_EXERCISE DESCRIPTION_. Each record should be given again exactly as it appears, with no image included.

_EXERCISE MATERIALS_.

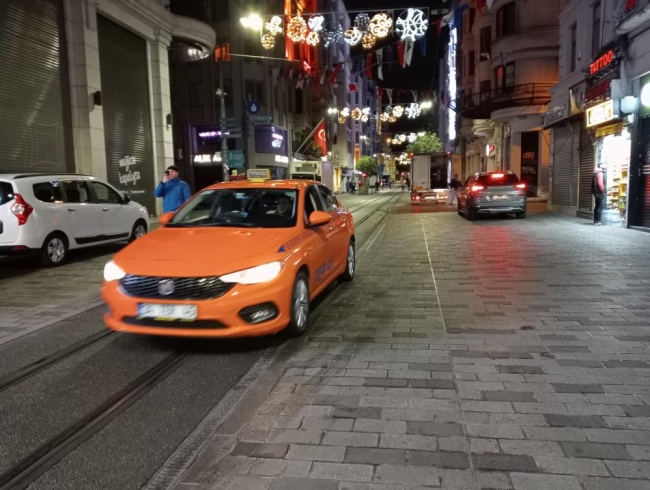 Patlamadan dolayı kapatılan yol yaya ve araç trafiğine açıldı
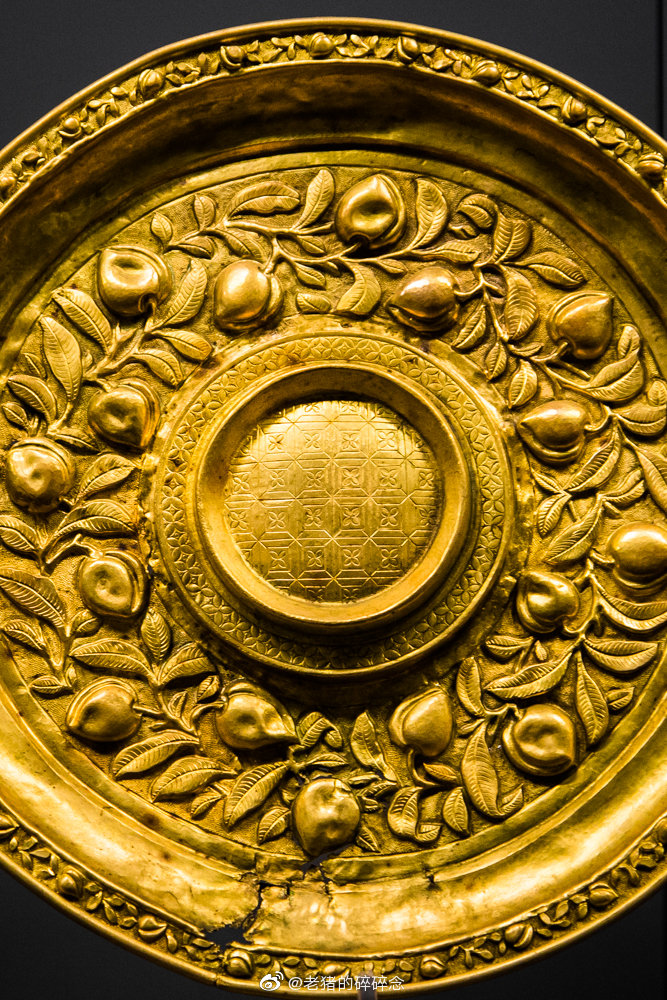 金代/金錾花托盘/首都博物馆藏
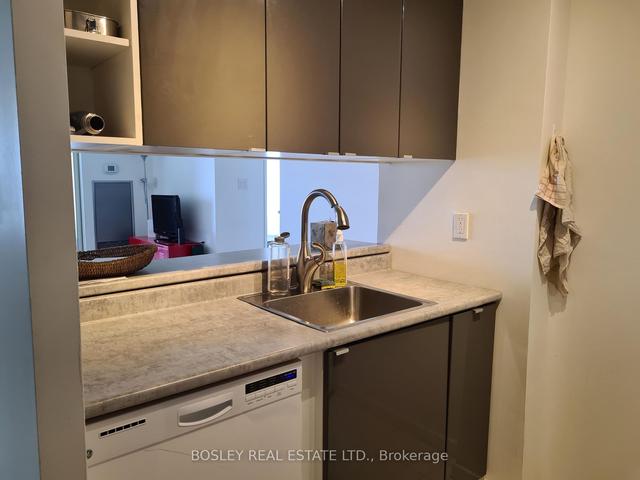2317 - 44 St. Joseph St, Condo with 1 bedrooms, 1 bathrooms and 1 parking in Toronto ON | Image 24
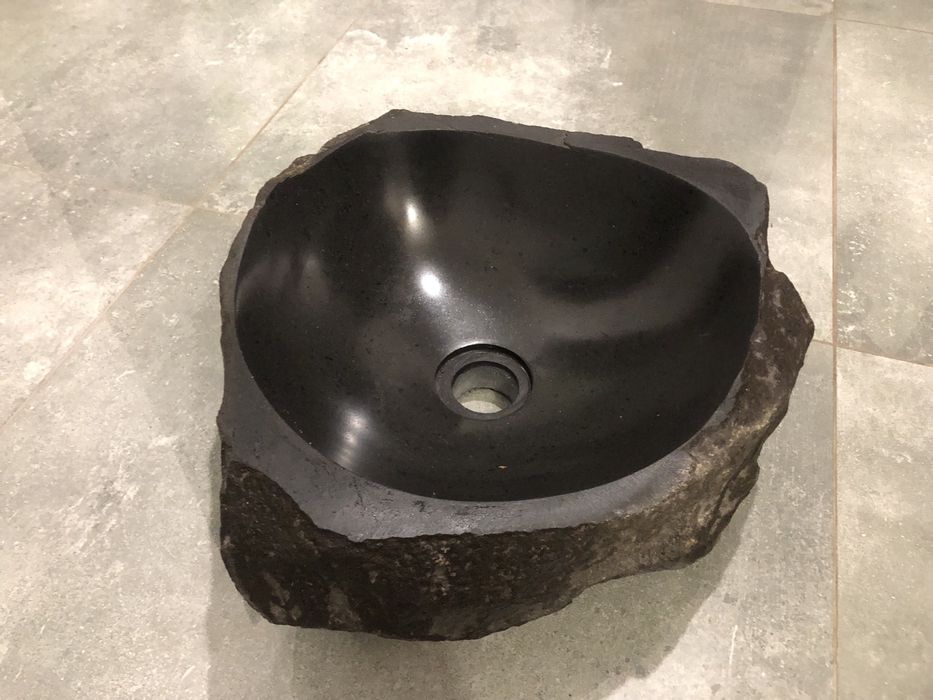 Камяний умивальник (раковина з камню)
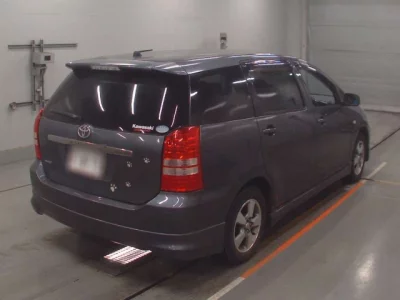 Toyota WISH  с аукциона в Японии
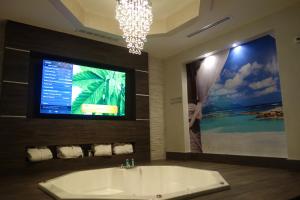 La salle de bains est pourvue d'une grande télévision et d'une baignoire. dans l'établissement Motel Marche, à Mexicali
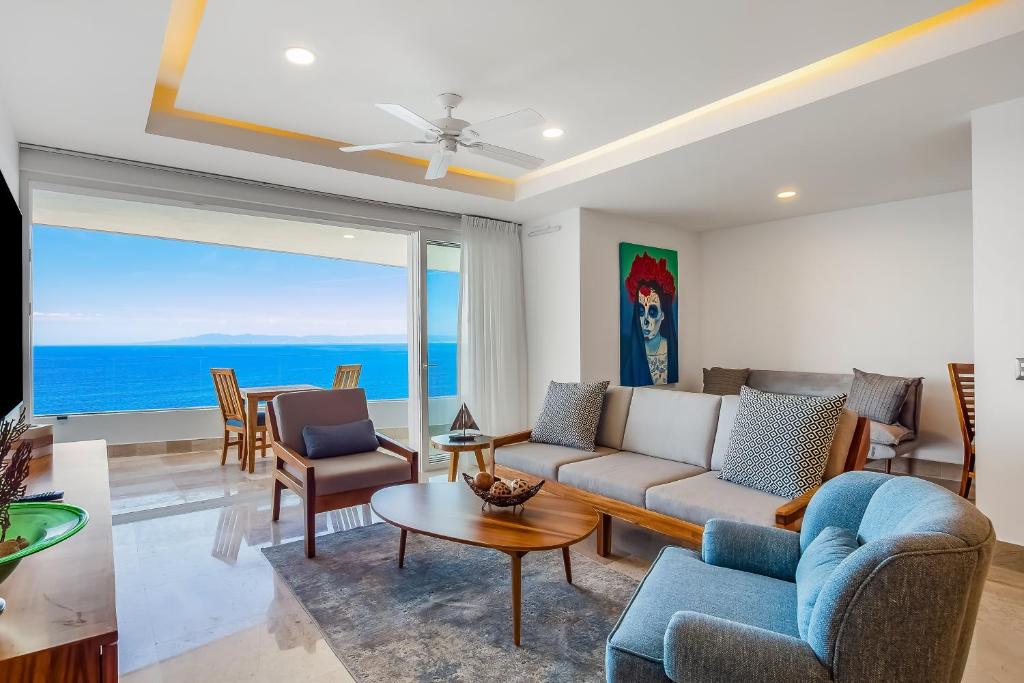 Blue Horizon 1002 Residences, Puerto Vallarta (updated prices 2024)
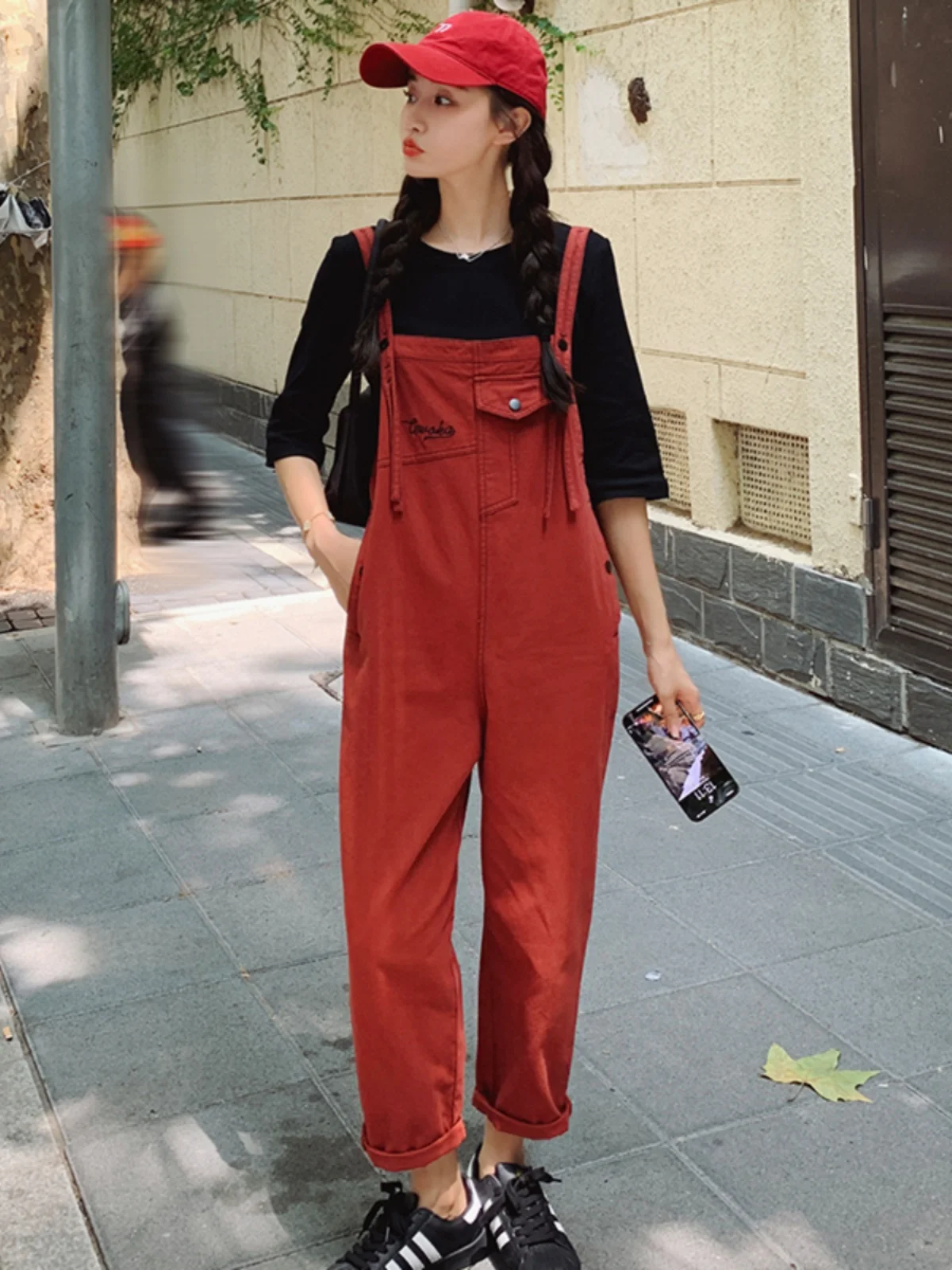 Антивозрастные женские комбинезоны с широкими штанинами, модные, с высокой талией, цельные брюки в корейском стиле, утягивающие, прямого кроя, длинные
Антивозрастные женские комбинезоны с широкими штанинами, модные, с высокой талией, цельные брюки в корейском стиле, утягивающие, прямого кроя, длинные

_EXERCISE RESULT_.
 Patlamadan dolayı kapatılan yol yaya ve araç trafiğine açıldı
 金代/金錾花托盘/首都博物馆藏
2317 - 44 St. Joseph St, Condo with 1 bedrooms, 1 bathrooms and 1 parking in Toronto ON | Image 24
 Камяний умивальник (раковина з камню)
 Toyota WISH  с аукциона в Японии
 La salle de bains est pourvue d'une grande télévision et d'une baignoire. dans l'établissement Motel Marche, à Mexicali
 Blue Horizon 1002 Residences, Puerto Vallarta (updated prices 2024)
 Антивозрастные женские комбинезоны с широкими штанинами, модные, с высокой талией, цельные брюки в корейском стиле, утягивающие, прямого кроя, длинные
Антивозрастные женские комбинезоны с широкими штанинами, модные, с высокой талией, цельные брюки в корейском стиле, утягивающие, прямого кроя, длинные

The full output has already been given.